Joule, la scuola di Eni per l’impresa, ha organizzato l’Innovation Bootcamp in Silicon Valley con la collaborazione dell’Open Innovation Outpost di San Francisco – l’osservatorio di Eni per collaborare con le startup e scaleup internazionali più promettenti – e di Mind the Bridge – l’organizzazione internazionale che fornisce consulenza per l’innovazione a startup e aziende.
Una settimana a San Francisco per mettere in contatto le startup selezionate da Joule, con i più importanti investitori della Silicon Valley. Giornate di lavoro intense, una roadmap serrata di presentazioni, pitch, approfondimenti con i mentor per proporre idee e cercare finanziamenti per sostenere la crescita delle startup. Negli Stati Uniti le cifre disponibili per finanziare i progetti più interessanti sono incomparabilmente più alte rispetto ai mercati europei. In appena otto anni gli Unicorni sono passati da 80 a 900, con una valutazione di 1 miliardo di dollari. Nel 2021 in USA sono stati investiti 330 miliardi di dollari in startup tecnologiche, contro i 167 del 2020.
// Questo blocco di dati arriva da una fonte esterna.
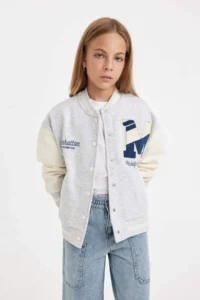 DeFacto Printed College Collar Snap Pocket Seasonal Lightweight Soft Furry Bomber Jacket for Girls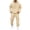 Beige-30914LL, variant on Fleece Men's Sweatshirt Suit 2 Piece Outfit Solid Color Hoodies and Cargo Sweatpants Set Fall Winter Warm Mens Sweatsuits Gray XXL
Spazi immensi e straordinarie opportunità di business.
Cosa serve per conquistare la fiducia in Silicon Valley
«Abbiamo selezionato 10 startup nei programmi di accelerazione di Joule con il supporto di Eni Next, il Corporate Venture Capital di Eni, per entrare nel contesto della Silicon Valley e ampliare le prospettive andando oltre il contesto europeo», spiega Domenica Surace, Head of Impact Assessment, Monitoring & Reporting di Eni Joule. «Le startup selezionate – aggiunge – sono impegnate nei settori dell’energia sostenibile e cleantech, quasi tutte a livello pre-seed. Abbiamo utilizzato parametri di selezione che sappiamo essere apprezzati negli Stati Uniti, come gli economics, il business plan, la sostenibilità finanziaria dei progetti. Le buone idee devono essere ben strutturate per attirare l’attenzione degli investitori nel mercato oltreoceano».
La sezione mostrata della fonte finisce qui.